William Shakespeare: Sonetos
Sonetos
William Shakespeare
Cátedra
Por Ricardo Martínez
Como preludio al año Shakespeare que se nos viene en 2016, cuando se cumple el cuarto centenario del fallecimiento del autor, Cátedra, en magnífica edición, nos trae una lectura de las que se puede considerar curativa para el alma (y el cuerpo, por qué no), siempre necesaria para el lector sensible.
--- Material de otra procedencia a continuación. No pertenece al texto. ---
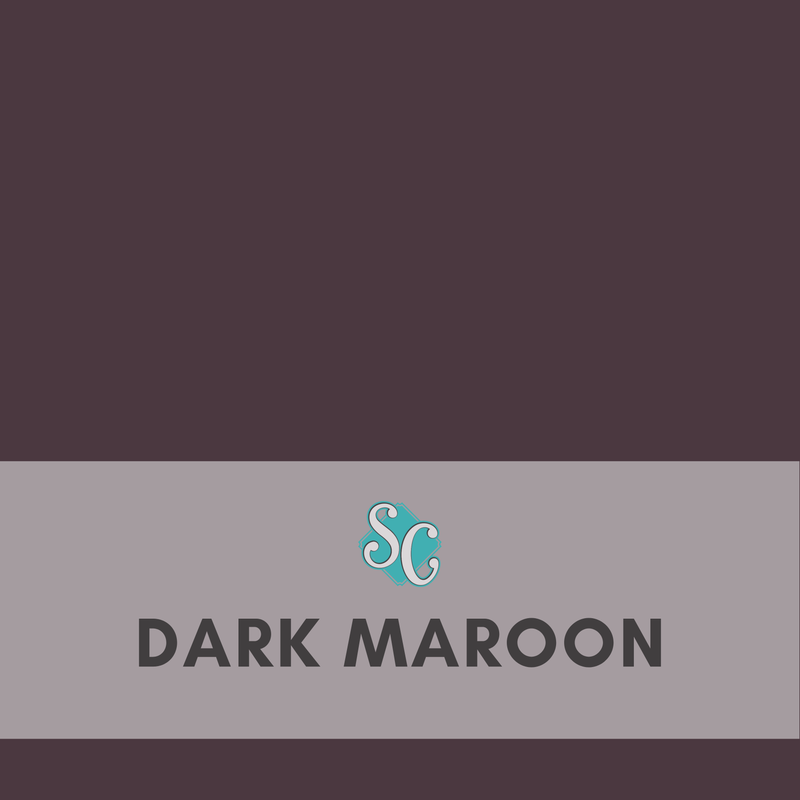 Dark Maroon / Pie Cuadrado (12"x12")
Cabe decir que a este libro siempre le ha acompañado una especie de corolario: sonetos de amor. Y qué pocos autores, hasta ahora, han querido (o sabido) acercarse a la realidad del amor y hacerlo de una manera directa, franca, abierta, limpia y libre. Los autores han preferido, antes bien, los circunloquios para hablar de él, acaso porque se trata de un sentimiento que abarca (tal vez sea esa la razón) tantos matices como el mar, tantos suspiros como el seductor vacío del cielo… El caso es que así se ha realizado un viaje mucho más difícil y minucioso, pero al fin es como obtener la salvación por la originalidad en algo que va más allá de nuestro raciocinio, el deseo, y que merece nuestra entrega por cuánto le debemos.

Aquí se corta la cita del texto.